1

Question

I seem to be observing a scenario in which the messages stashed for a typed supervised actor are lost during a restart, using the Akka backoff supervision strategy.

Is this expected behavior? If not, how can I implement ensure these stashed messages are retained?

The Setup

I create a typed supervised actor with a stash

    BackoffSupervisorStrategy backoff = SupervisorStrategy
        .restartWithBackoff(Duration.ofMillis(10), Duration.ofMillis(10000), 0)
        .withStashCapacity(2000);
    return Behaviors.supervise(Behaviors.setup(MyActor::new)).onFailure(Throwable.class, backoff);

It handles a command ForceFail which results in a RuntimeException so that we can let the Akka supervisor do its thing.

  private Behavior<Command> forceFail(ForceFail command) {
    getContext().getLog().info("Got fail command: {}", command.name);
    throw new RuntimeException(command.name);
  }

After spawning the actor, I send a series of tells

testSystem.tell(new ForceFail("first fail"));
testSystem.tell(new ForceFail("second fail"));
testSystem.tell(new ForceFail("third fail"));

Each tell results in an exception in the actor, triggering a restart by the supervisor. I check the size of the StashBuffer right before the supervisor unstashes the messages during a restart.

What I see is that during the first restart, the StashBuffer shows a size of 2, as expected. However, during the second restart for the second message, the size is 0, where I would expect it to be 1.

stash size

I do not see the last message get sent to the dead letter actor. It seems to be lost, with no logging describing what happens to it.

Notes

I see in the Akka internal code, the StashBuffer unstashAll() method is called. As written in the javadocs:

If an exception is thrown by processing a message a proceeding messages and the message causing the exception have been removed from the StashBuffer, but unprocessed messages remain.

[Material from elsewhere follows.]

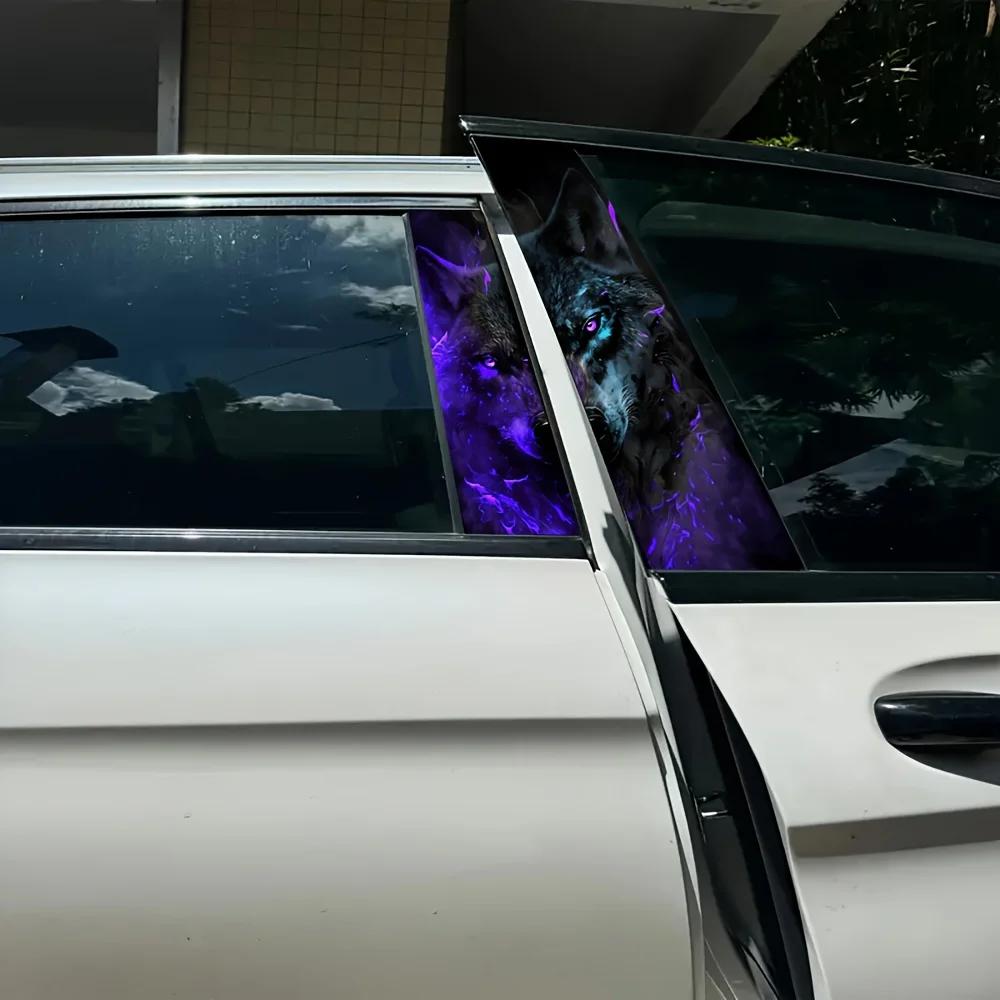 2-Piece Vinyl Cool Wolf Decal Animal Theme B-pillar Glossy Car Sticker for Vehicle Decor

The wording seems a bit funny, but what it's saying is that it will sequentially process the messages in the stash until it processes all of them or we hit an exception. Unhandled messages remain in the stash. This does not seem to be what I'm observing though.

I'm using Akka 2.7.0.

havenwang
  • 153
  • 9
  • Akka Persistence is built exacty for this. Use Akka persistence. – sarveshseri Jan 10 '23 at 08:06
  • This happens because the mailboxes are generally owned by the actor itself. So, when the actor dies... the mailbox goes with it. One simpler workaround is to introduce a router... and then add your actor to it. Once you do this, the mailbox will be owned by the router and thus will not be lost even when the actor dies. – sarveshseri Jan 10 '23 at 08:13
  • Stash only captures the message which are sent during the time when the actor is getting re-started... it does not preserve any messages which were already delivered to the actor. – sarveshseri Jan 10 '23 at 08:58
  • @sarveshseri I read in the [docs](https://doc.akka.io/docs/akka/2.7.0/general/supervision.html#what-happens-to-the-mailbox) that for supervised actors "If an exception is thrown while a message is being processed, nothing happens to the mailbox. If the actor is restarted, the same mailbox will be there. So all messages on that mailbox will be there as well." So shouldn't the messages on a mailbox still be there after the restart? – havenwang Jan 10 '23 at 16:54
  • I must add, I observe lost messages only when using the `BackoffSupervisorStrategy` and **NOT** when using `RestartSupervisorStrategy` – havenwang Jan 10 '23 at 16:55

2 Answers2

1

You can embed the Actor inside a Router, so that the mailbox life-cycle is detached from the actor lifecycle, and the messages are not lost when the actor gets re-started.

object PrintActor {

  sealed trait Message

  final case class PrintMessage(value: String) extends Message
  final case class FailMessage(value: String) extends Message

  def apply(): Behavior[Message] =
    Behaviors.receive { (context, message) =>
      message match {
        case PrintMessage(value) =>
          println(s"Print Message :: ${value}")
          Behaviors.same
        case FailMessage(value) =>
          println(s"Fail Message :: ${value}")
          throw new RuntimeException(value)
      }

    }
}
object Main {

  def createActors(): Behavior[Unit] =
    Behaviors.setup[Unit] { ctx =>
      val pool = Routers.pool(poolSize = 1) {
        // make sure the workers are restarted if they fail
        Behaviors.supervise(PrintActor()).onFailure[Exception](SupervisorStrategy.restart)
      }

      val router = ctx.spawn(pool, "printer-pool")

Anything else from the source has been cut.